横浜・関内・馬車道 山口歯科医院 歯周病専門医・インプラント・審美歯科
現在、インプラント治療は確実性の高い歯科治療として広く受け入れられています。
短期的なインプラント治療の成功率は、ほぼ100%に限りなく近づいてきています。10年以上の長期的報告も大変良好な成績が報告され続けています。

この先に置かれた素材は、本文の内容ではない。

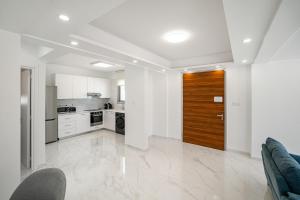 Villa Seabreeze Elina by Ezoria Villas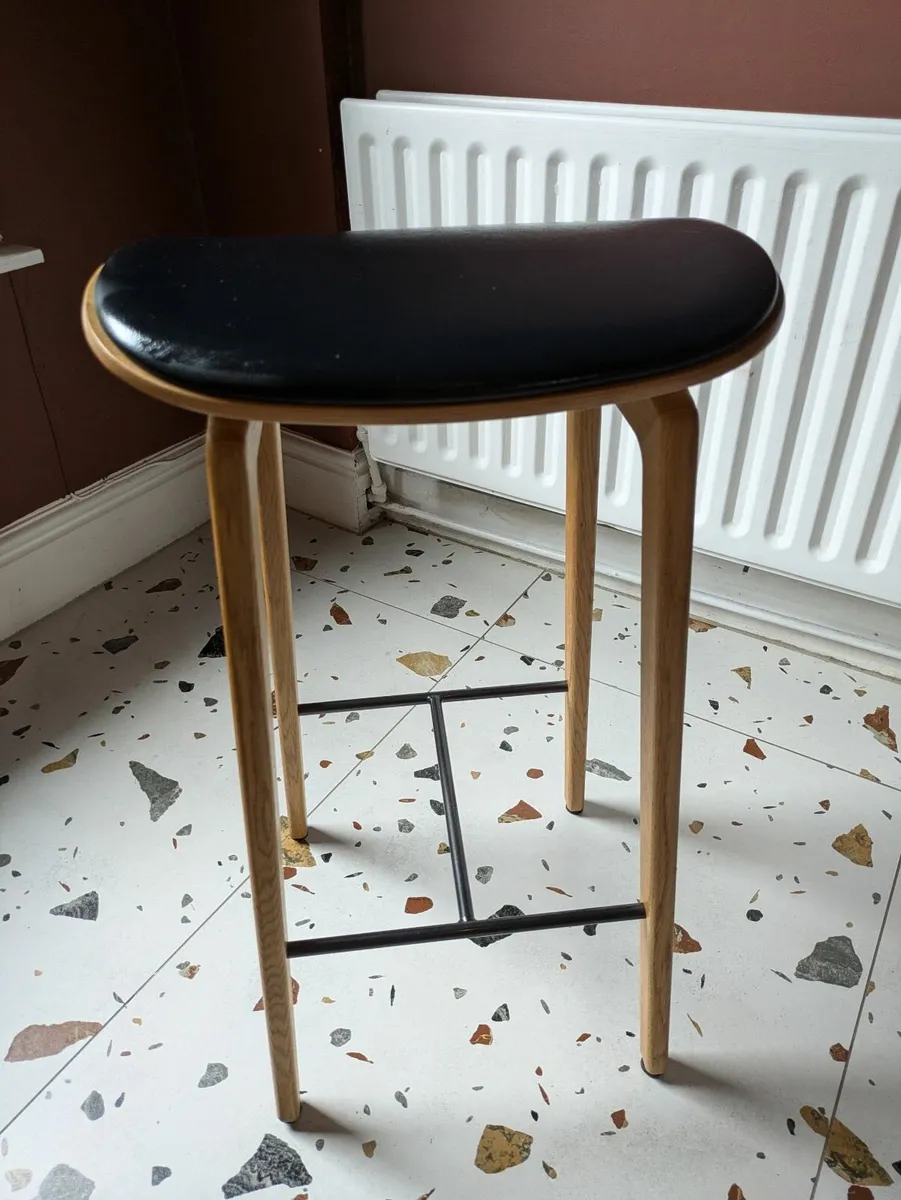 Barstool NORR11 - Image 1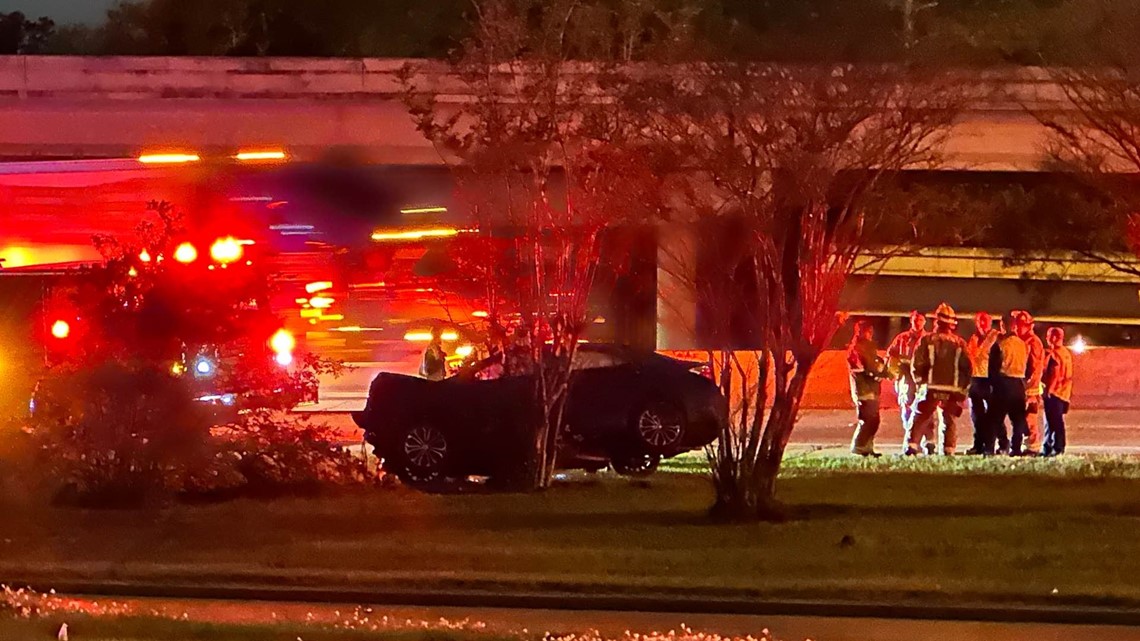 Louisiana woman killed after striking tree in early Sunday morning Beaumont crash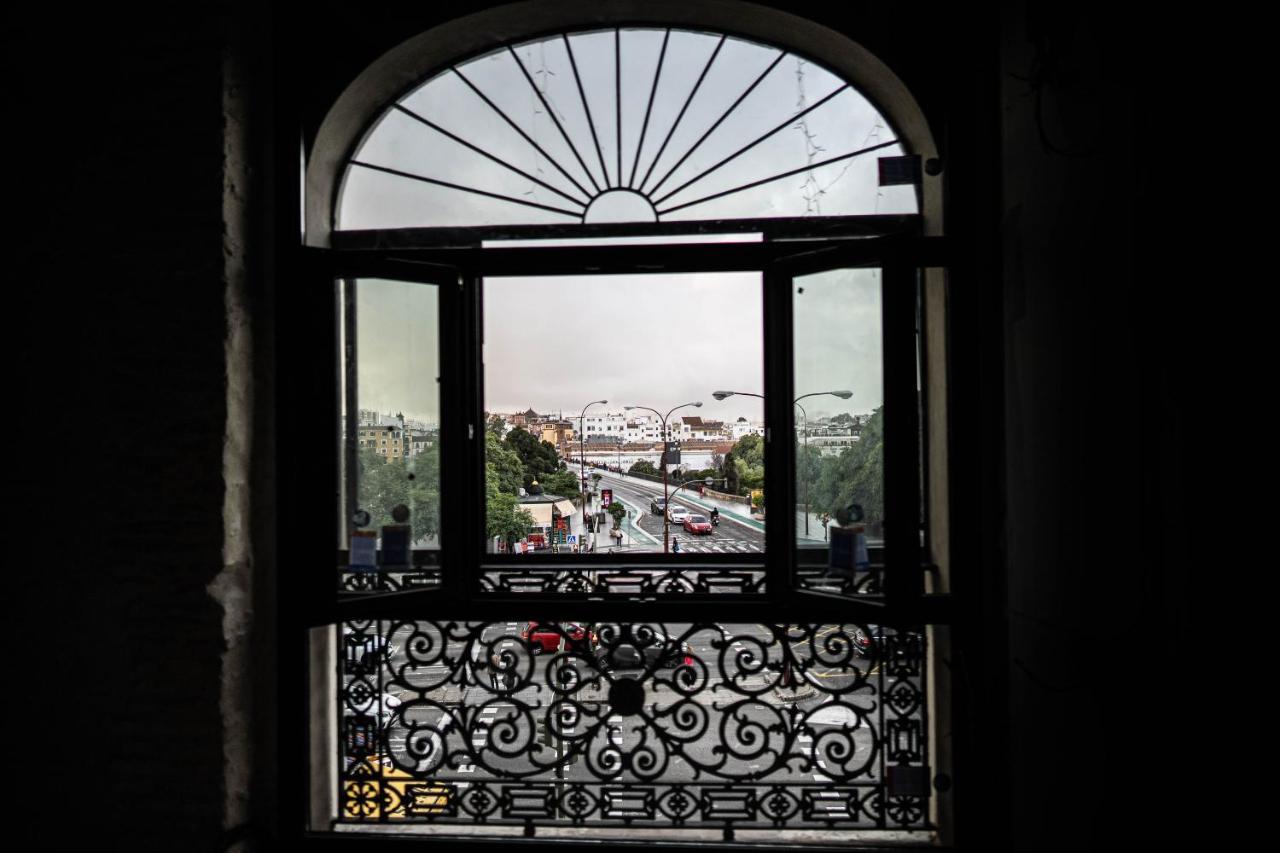 Hotel Lobby Севиля Екстериор снимка View from the window of the palace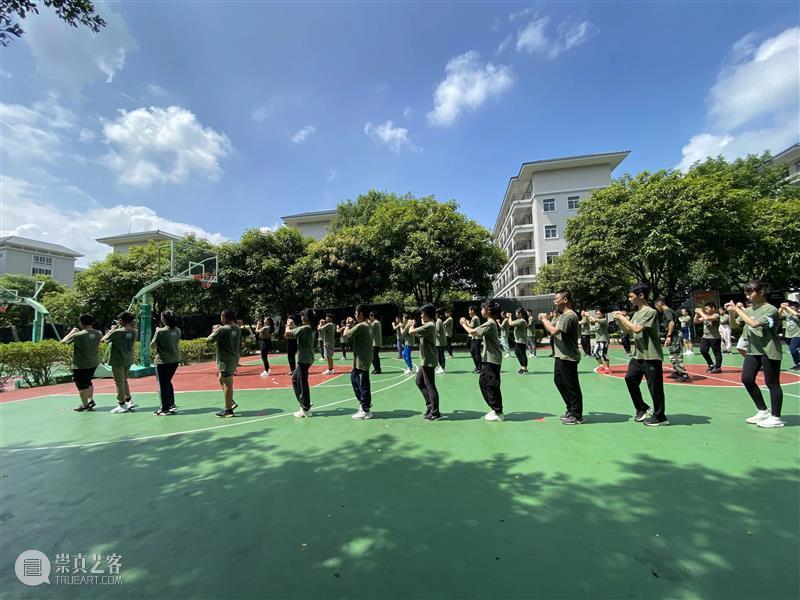 青少年手机成瘾该怎么办？ 手机 青少年 中国 未成年人 互联网 状况 调查报告 中学生 如今 网络 崇真艺客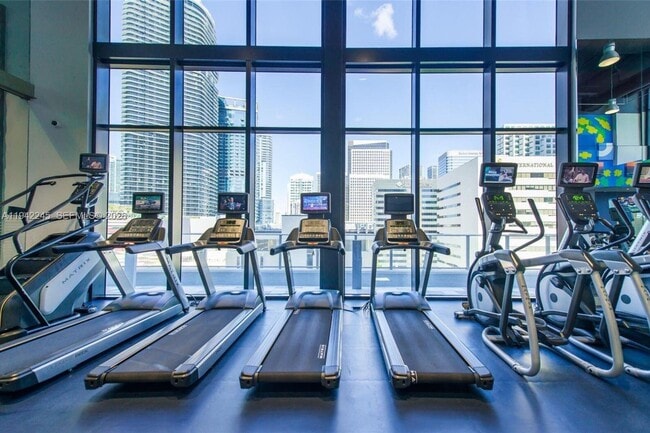 Building Photo - 1010 Brickell Ave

では、“歯周病の患者様におけるインプラント治療”に関しては、どうなのでしょうか?
2008年までに報告された臨床報告論文から、その見解に迫ってみたいと思います。
1995年
このテーマに関する臨床報告は、1995年に始めて発表されました。
2000年前まで歯周病の患者様におけるインプラント治療は、歯周病ではない患者様に実施したインプラント治療と同様な良好の治療成績を収める事が出来ると楽観視されていました。
しかし、幾点かの問題点がありました。
- 1.報告された論文数が非常に少ない。
- 2.長期報告がない。
- 3.判定基準も甘く、インプラントが抜け落ちさえしなければ合格という“生存率”でのみ評価されていた。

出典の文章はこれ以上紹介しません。